Welcome back, Cain's
By John Wooley World Scene Writer
Published: 10/2/2003

Renovated ballroom swings back in time -- to the future

       A little after 6:30 p.m. on Wednesday, Rosetta Wills and her daughter Renee Diamond helped Tulsa Mayor Bill LaFortune and other dignitaries cut the ribbon on the House that Bob Built. Hereafter, it'll also be known as the House that Dr. Jim Rodgers Rebuilt. "I knew with a little bit of love and a little bit of money, we could make it last for 80 more years," the Cain's new owner told a cheering crowd. "We wanted to keep the important parts, and make it safer and bigger."
       After all of that, it was time for the huge crowd to go in. And what they saw was something out of a fantasy, albeit a good one. It may have struck some as a Cain's Ballroom from an alternate dimension, a venue that's existed side by side with the old Cain's for years, a honky-tonk out of time, containing all the same things but slightly different -- and better. "I'm so thrilled about this," said Wills, looking at the high wooden roof, restored from the drop-ceilinged look the Cain's has had for years. "It's amazing.
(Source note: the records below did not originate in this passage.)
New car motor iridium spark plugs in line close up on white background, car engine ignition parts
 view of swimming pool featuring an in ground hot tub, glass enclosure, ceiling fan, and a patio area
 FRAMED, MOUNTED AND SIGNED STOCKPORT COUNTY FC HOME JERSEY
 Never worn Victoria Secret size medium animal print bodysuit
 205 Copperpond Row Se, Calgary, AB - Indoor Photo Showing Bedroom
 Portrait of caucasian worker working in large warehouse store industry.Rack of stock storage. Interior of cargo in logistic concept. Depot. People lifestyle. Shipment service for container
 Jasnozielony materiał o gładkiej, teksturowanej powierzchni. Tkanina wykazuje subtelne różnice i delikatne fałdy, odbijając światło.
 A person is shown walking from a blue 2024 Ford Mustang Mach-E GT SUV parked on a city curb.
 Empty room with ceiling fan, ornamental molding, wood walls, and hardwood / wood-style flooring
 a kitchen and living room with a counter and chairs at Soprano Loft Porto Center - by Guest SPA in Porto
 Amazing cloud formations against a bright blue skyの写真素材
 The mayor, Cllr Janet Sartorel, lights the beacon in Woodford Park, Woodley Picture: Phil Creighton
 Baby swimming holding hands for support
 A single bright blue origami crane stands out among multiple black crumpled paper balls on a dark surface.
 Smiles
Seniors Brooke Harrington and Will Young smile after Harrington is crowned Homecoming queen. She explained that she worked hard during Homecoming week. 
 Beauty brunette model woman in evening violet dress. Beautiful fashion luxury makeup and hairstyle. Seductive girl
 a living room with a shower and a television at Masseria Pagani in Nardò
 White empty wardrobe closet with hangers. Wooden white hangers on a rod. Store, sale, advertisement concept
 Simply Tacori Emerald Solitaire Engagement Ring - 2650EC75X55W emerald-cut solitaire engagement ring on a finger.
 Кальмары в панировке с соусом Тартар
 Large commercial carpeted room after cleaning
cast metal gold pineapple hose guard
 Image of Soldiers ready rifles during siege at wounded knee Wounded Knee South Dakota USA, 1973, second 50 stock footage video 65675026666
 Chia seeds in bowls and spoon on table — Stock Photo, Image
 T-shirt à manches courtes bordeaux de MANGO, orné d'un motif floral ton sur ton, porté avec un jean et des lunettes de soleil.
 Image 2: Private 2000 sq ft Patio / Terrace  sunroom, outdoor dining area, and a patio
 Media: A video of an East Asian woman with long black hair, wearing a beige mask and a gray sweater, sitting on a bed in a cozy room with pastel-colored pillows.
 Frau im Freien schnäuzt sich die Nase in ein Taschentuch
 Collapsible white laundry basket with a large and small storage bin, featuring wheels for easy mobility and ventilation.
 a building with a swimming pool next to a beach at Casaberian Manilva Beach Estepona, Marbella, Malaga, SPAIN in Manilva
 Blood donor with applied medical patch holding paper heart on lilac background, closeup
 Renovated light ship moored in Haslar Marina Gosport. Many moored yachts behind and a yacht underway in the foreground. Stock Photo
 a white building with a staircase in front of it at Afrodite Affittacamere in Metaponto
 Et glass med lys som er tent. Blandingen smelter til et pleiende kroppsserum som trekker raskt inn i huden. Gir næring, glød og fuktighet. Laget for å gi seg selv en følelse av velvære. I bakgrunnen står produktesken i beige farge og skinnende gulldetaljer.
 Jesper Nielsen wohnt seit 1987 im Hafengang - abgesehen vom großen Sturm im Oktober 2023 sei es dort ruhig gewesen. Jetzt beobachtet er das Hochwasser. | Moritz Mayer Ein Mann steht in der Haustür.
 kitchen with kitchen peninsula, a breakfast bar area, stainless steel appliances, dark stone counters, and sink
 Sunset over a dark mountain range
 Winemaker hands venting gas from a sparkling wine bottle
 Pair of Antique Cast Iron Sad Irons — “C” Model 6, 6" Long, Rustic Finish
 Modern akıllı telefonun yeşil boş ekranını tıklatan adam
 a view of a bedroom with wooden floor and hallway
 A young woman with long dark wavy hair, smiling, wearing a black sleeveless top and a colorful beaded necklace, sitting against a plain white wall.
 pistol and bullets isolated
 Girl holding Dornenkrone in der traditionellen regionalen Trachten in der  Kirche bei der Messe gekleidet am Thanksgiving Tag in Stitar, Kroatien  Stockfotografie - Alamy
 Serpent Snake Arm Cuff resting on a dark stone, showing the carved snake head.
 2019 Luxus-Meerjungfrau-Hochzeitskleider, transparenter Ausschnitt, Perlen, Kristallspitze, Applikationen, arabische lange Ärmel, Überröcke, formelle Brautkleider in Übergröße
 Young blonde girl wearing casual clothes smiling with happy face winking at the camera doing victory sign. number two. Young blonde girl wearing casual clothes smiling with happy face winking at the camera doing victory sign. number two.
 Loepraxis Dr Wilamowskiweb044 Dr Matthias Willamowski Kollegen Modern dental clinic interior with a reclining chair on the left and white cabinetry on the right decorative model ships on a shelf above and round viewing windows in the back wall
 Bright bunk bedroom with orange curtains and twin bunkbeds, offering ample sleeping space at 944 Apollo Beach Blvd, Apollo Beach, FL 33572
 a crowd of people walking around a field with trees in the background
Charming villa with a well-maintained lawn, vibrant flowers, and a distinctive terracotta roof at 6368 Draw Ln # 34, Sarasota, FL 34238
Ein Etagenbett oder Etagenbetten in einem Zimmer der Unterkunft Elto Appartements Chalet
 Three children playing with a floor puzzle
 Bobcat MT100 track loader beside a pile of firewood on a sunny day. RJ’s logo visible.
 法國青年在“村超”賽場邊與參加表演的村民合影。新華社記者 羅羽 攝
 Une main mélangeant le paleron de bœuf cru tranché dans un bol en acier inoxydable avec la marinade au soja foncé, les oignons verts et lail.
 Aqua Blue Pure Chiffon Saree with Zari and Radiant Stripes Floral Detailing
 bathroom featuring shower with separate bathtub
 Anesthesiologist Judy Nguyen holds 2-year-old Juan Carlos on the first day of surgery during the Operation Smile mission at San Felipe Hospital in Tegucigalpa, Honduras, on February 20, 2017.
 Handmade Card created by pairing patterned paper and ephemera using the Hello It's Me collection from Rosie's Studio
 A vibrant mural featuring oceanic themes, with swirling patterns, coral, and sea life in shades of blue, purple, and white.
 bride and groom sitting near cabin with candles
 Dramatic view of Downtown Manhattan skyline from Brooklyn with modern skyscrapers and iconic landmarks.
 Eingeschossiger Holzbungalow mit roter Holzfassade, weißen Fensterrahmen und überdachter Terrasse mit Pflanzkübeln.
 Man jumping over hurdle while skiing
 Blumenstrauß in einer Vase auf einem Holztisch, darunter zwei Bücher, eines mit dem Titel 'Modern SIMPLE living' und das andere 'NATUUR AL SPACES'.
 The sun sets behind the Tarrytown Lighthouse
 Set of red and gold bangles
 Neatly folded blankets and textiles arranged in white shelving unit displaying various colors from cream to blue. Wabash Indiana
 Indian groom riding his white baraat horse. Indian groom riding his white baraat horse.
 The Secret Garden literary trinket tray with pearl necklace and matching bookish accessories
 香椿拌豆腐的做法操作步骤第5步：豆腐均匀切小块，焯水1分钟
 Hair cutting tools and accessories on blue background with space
It looks three to four times bigger, because they raised the ceilings. And I love the way they hung the artwork."
       Then there was the clock. The old clock from KFMJ radio used to hang just above the entrance rather than behind the bar, where it is now. And Don White liked it in its old location. "I don't think I can see it from the stage anymore," said the singer-songwriter-guitarist, just before taking the stage to open for Yoakam. "I could always look up there and see how much time I had left." Three songs into his solo set, however, he shouted, "Hey, I can see the clock." He seemed pretty happy about it.
       For the record, the first thing a performer said on the new stage was, "It's a hell of a deal, isn't it?" That was White, and he also did the first song on that stage, his self-penned "No Place Like the Cain's." He was joined at the end of his 45-minute set by his son Steve White, but not before presenting a nice solo set that included lots of Oklahoma songs, from a neat and unexpected cover of the Tractors' "Baby Likes to Rock It" to a soulful "Never Been to Spain." He and Steve were especially impressive together on J.J. Cale's "Magnolia," which meandered over a groove -- like many other songs in his set -- in classic Tulsa Sound fashion.